Introduction
With rain
finally upon us (relieving for now a terrible drought here in the Bay Area),
it’s time to talk about this ridiculous practice of riding a bicycle in the
rain for fun and fitness. I don’t mean
getting caught in the rain, which can happen to any cyclist, or commuting in
the rain, which is a noble activity that can involve fenders and such. I’m talking about making a conscious decision
to ride in the rain, which I did last Sunday, to my great misery.
This post
should appeal to those with a yen for schadenfreude (look, two words—almost in
a row— borrowed from another language!).
You can also read here about the strange notion of the "Reverse
Murphy," and about why a cyclist who braves bad weather should never, ever
begin to believe he's tough or something. At the end I even have a surprising
get-warm-quick recipe.
The idiocy of riding in crummy weather
Besides,
there’s the bike to think about. Brake
pads will usually last years if you only ride in dry weather, but in one or two
wet rides (especially if your terrain is hilly, like mine) you can burn halfway
through a pair. Then there’s the time
spent cleaning up your drivetrain; if you have that much time to kill, you
should be training more, or—better yet—doing something truly worthwhile. And if you go mountain biking in the rain,
you severely damage the trail and basically sand away your drivetrain with all
that grit.
So why did I ride?
Last
Saturday night, I gave my bike a tune-up.
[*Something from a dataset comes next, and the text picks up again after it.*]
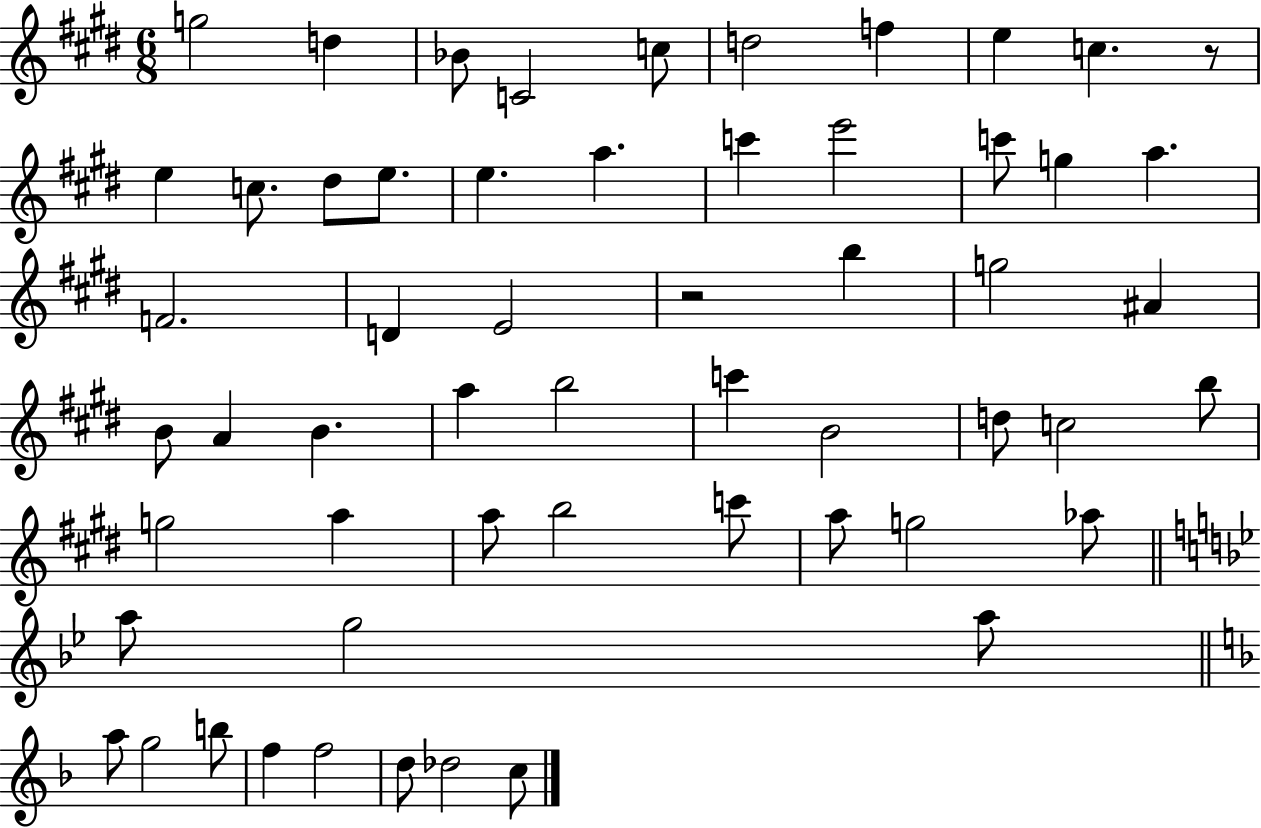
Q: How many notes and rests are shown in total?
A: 57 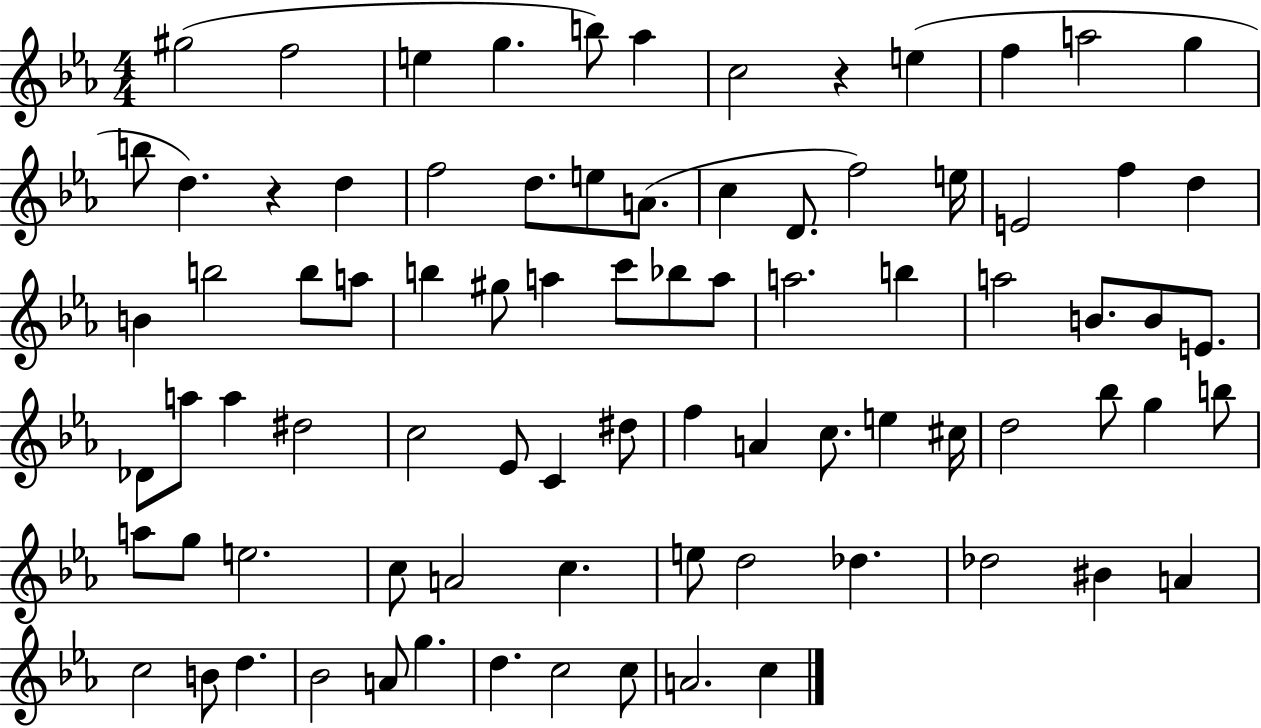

I filed the shellac off my new brake pads, cleaned everything up, and
got my chain and cogs clean enough to eat off of. I mixed up a couple bottles of energy drink
for a Mount Diablo assault the next morning.
All this, even though I was certain it was going to rain.
Why was I
certain? After all, Accuweather said there was only a 25% chance of rain. Well, it was simple Murphy’s Law: whatever can go wrong, will go wrong. And since I’d done such a nice job tuning up
my bike, it had to rain.
Okay, so why
didn’t I bail in advance, like the smartest of us four guys who had planned to
ride together? It’s because of this
terrible drought we’ve been having. It’s
only rained once since last spring, and just barely. All the liberals around here have been
self-flagellating about it for two months.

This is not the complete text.